I’ll start this by saying that if one is using whole hops one REALLY has to be set up for it. Two words: Hop. Bags. You can do it without but it’s WAY easier to brew with whole hops if you have hop bags.
That said, I dislike using whole hops very much. Bag or no bag. For the following reasons:
- They take up a lot of space in the freezer
- More difficult to weigh out
- They absorb a lot of wort/beer
- Messier to dispose of
- There is no advantage to using them
I have a saying: Whole hops are THE reason that pellets were invented.
I do grow my own and that is one of the few instances of my using whole hops: They didn’t cost me anything except time. And a lot of it. Whole hops are a pain to harvest and the amount of work put into harvesting is disproportionate to the amount harvested.
My other saying about whole hops: I will NOT pay for the displeasure of using them.

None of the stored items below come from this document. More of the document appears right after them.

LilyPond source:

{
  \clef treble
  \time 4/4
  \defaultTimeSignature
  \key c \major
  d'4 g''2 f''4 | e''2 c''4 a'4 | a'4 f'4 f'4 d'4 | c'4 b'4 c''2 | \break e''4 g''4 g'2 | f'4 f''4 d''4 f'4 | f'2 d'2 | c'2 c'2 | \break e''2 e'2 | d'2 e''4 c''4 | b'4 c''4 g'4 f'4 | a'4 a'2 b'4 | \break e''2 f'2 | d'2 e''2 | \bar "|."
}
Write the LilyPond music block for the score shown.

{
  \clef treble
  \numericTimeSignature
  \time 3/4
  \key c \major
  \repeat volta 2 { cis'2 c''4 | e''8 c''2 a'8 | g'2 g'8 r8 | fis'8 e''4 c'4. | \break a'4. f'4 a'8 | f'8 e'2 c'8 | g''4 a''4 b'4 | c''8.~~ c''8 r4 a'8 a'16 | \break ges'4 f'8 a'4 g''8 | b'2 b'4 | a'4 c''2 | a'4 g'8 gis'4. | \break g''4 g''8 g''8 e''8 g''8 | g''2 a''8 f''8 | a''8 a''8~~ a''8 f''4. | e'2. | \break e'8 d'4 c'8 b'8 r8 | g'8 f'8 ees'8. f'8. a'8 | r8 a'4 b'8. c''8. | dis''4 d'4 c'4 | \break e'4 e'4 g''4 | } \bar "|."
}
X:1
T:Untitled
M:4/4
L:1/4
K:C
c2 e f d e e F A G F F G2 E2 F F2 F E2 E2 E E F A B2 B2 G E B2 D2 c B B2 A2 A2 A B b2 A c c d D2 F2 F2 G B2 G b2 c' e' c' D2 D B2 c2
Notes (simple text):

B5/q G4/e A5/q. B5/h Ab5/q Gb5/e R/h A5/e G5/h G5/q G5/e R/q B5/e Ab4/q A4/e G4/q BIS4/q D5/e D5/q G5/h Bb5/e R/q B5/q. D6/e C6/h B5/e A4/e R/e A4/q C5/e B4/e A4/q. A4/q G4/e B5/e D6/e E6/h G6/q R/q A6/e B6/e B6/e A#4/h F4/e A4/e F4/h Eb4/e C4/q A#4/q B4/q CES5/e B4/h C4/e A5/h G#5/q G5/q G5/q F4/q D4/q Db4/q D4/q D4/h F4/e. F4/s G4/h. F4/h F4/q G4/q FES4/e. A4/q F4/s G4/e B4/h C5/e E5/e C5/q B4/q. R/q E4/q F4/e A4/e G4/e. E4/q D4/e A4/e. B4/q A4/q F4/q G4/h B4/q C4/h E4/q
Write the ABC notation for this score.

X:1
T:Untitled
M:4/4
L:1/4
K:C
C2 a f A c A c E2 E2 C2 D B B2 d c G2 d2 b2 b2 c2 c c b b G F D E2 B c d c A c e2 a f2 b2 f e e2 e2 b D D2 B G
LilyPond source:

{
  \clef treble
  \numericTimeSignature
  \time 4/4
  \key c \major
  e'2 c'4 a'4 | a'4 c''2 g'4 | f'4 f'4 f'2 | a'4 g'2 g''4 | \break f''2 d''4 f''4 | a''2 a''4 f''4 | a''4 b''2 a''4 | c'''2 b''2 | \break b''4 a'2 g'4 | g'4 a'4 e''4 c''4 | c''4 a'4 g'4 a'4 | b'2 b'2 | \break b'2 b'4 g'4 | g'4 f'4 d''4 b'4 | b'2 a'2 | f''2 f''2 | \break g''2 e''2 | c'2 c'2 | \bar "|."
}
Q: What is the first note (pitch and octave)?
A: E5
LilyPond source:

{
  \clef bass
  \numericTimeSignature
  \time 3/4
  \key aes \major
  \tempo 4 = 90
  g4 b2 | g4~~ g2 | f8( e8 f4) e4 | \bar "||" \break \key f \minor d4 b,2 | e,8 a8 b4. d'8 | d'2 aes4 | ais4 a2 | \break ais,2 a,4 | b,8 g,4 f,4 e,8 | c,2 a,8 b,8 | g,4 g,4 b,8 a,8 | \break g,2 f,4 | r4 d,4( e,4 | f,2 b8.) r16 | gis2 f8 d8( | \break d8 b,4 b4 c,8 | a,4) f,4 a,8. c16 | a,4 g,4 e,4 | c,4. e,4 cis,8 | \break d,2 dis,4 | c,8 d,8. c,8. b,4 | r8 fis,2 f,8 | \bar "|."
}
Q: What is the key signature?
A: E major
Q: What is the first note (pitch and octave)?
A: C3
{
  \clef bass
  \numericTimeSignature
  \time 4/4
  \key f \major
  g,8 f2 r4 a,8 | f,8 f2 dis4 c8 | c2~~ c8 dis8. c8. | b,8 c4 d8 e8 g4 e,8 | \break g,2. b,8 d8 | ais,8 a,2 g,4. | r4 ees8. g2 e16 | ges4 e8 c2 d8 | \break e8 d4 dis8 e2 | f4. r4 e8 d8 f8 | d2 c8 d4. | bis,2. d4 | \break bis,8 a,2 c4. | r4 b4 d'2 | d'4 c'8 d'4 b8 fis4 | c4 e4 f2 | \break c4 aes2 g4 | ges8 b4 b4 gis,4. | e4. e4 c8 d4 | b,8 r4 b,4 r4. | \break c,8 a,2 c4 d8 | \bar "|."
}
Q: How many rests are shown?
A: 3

I’ve accepted whole hops as gifts (although I suspect there will be far fewer gifts coming my way after this post LOL) and in trade and I use my own that I grow but there is no way I would pay for a bag of whole hops. No.
Pellets are just much easier to use:
- I can store far more in my freezer
- They absorb less of my precious beer
- Way easier to weigh out
- Much less trub to deal with at the end of the brew day or after dry hopping
Dry hopping is actually one of the areas where pellets shine. Trying to get a couple of ounces of whole hops into a carboy and making sure that they are all in contact with the beer? Yes, bags, but again, you have to be really set up for it. With pellets I just don’t need to worry about more gear. Not that more gear is a bad thing. 😉
There, I got that off my chest.
As always, your mileage may vary. Flame away.
(My apologies to all those who have given me whole hops. They were not wasted and they were appreciated. Thank you.)